The Center for Advanced Research and Training in California drew interest from Northwest Arkansas because of the way the school embeds academic coursework with career training, Pickering said.

"We think that's a good way for students to learn," Pickering said.

Visits to the center in Clovis, Calif., begin with students leading tours and answering questions, said Rick Watson, CEO of the school. The Center for Advanced Research and Training opened in 2000 as a joint project of superintendents from two school districts, the Clovis and Fresno unified school districts.

They put together a team of 15 teachers who worked with a business entrepreneur named Pat Wright to develop a separate, free public high school that would provide a different style of education and allow students to explore careers, Watson said. The building cost $7 million, and the annual operating cost is $5 million.
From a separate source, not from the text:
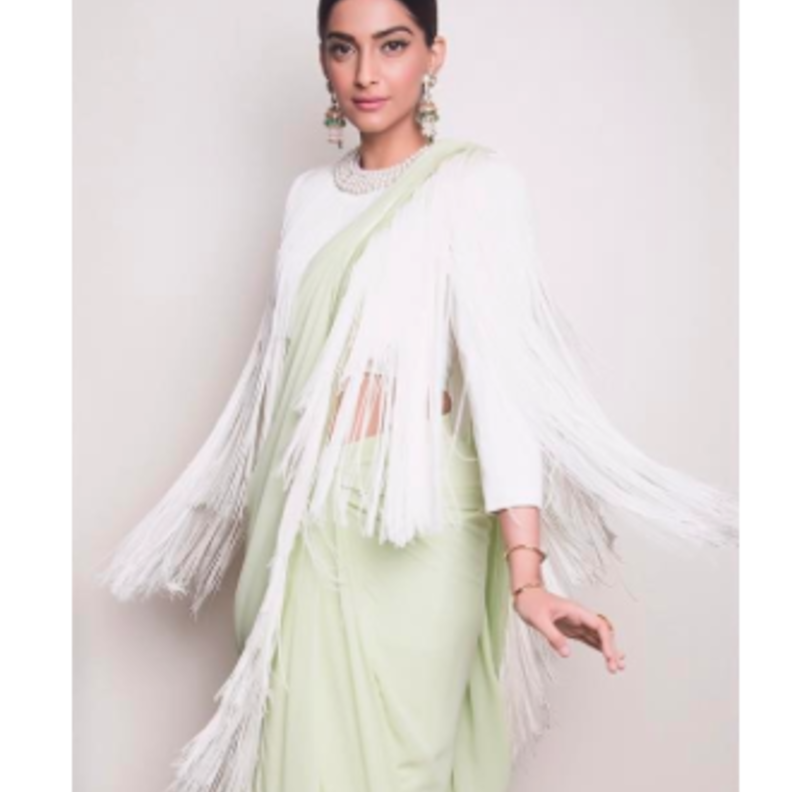 سونام كابور متألقة بساري عصري بصيحة الشراشيب الرائجة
About 1,400 11th- and 12th-graders spend part of the day at their home schools and part of the day at the center, either from 7:30 to 10:30 a.m. or from 12:30 to 3:30 p.m., Watson said. The center offers 15 programs of study. Each program has three instructors and combines four courses into a three-hour session.

The environmental science program blends courses in English, technology applications, Environmental Research and Technology and either zoology or biology, he said. The courses are taught through four projects that each last eight to nine weeks.

Students are required to dress appropriately for the career field of study at least twice a week, Watson said. They leave campus routinely for job experiences, such as internships or working alongside professionals. The environmental science students have worked in the mountains and along the coasts with biologists, wildlife experts and those in the U.S. Department of Agriculture Forest Service.

"I believe this is the direction that high schools are moving," Watson said.